Excerpts from HSH Associates Newsletter for the week ending February 2, 2007:
Mortgage rates continue to move higher, with the average 30-year fixed rate mortgage (FRM) climbing by seven basis points (.07) to 6.45%, according to the nation’s widest survey of mortgage rates and terms. Five-one Hybrid ARMs added five basis points, closing the weekly survey at 6.24%. Now more than a quarter-percentage point higher than their December lows, mortgage rates are climbing as they reflect an economy which seems a tad irrepressible at the moment. While it was expected that growth in the 4th quarter of 2006 was better than the 2% GDP seen in the third quarter, the 3.5% advance estimate of GDP growth was way above expectations, and stands above the level believed to be needed to help inflationary pressures remain contained, known as the economy’s ‘potential’.

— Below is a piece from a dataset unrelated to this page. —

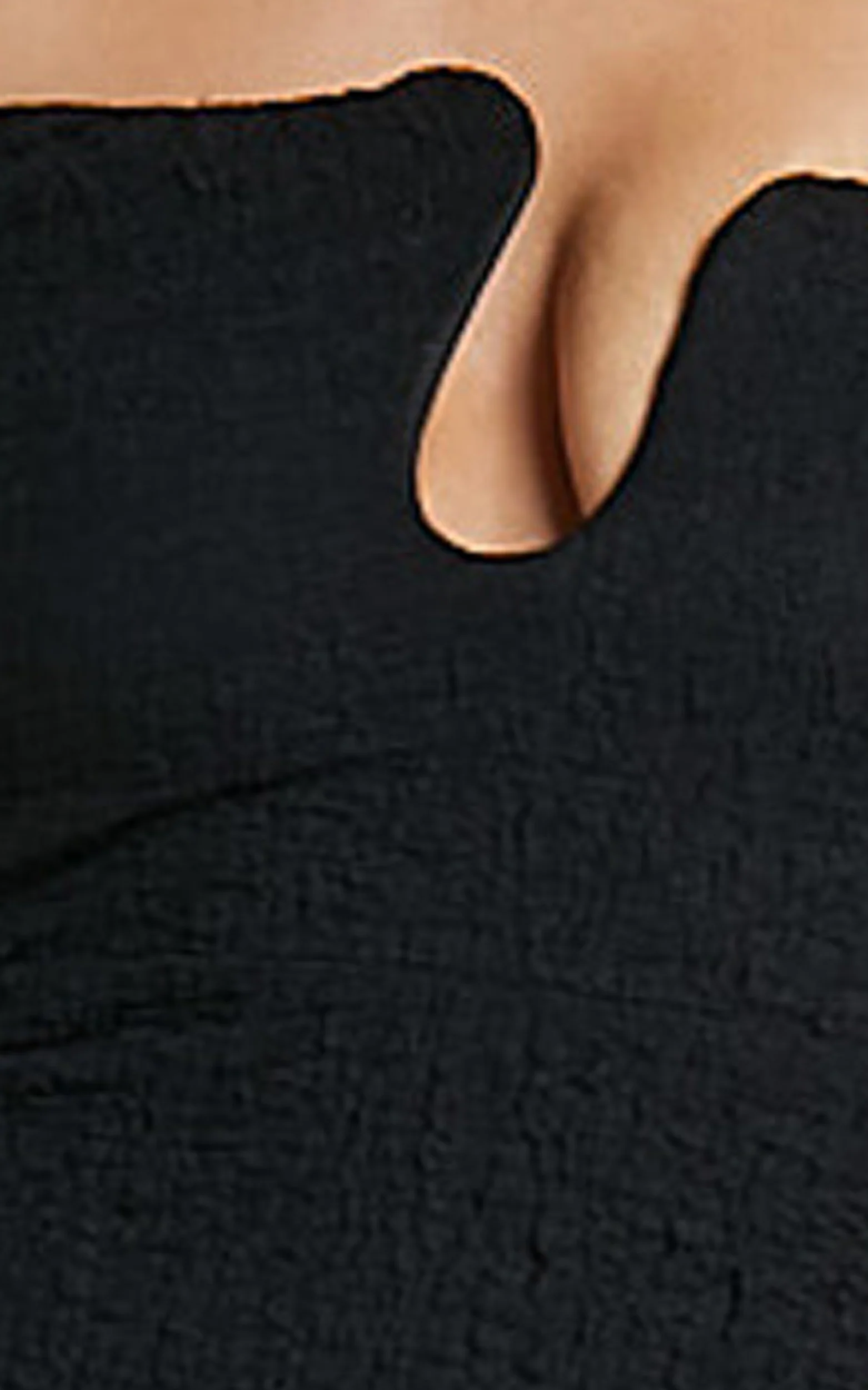 Alberta Midi Dress- Strapless bust detail textured dress in Black - Image 7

Absent a slowdown in growth, it seems unlikely that inflation will moderate much from these levels, and more growth and firm inflation means any rate cuts by the Fed are moved well off into the future. The futures markets are now betting that the first rate cut may not come until December. Bond markets took some solace in the lack of renewed inflation pressure and the Fed’s characterization of improving inflation, and underlying interest rates eased a little during the week; mortgage rates will probably hold pretty firm next week, maybe even shedding a basis point or two.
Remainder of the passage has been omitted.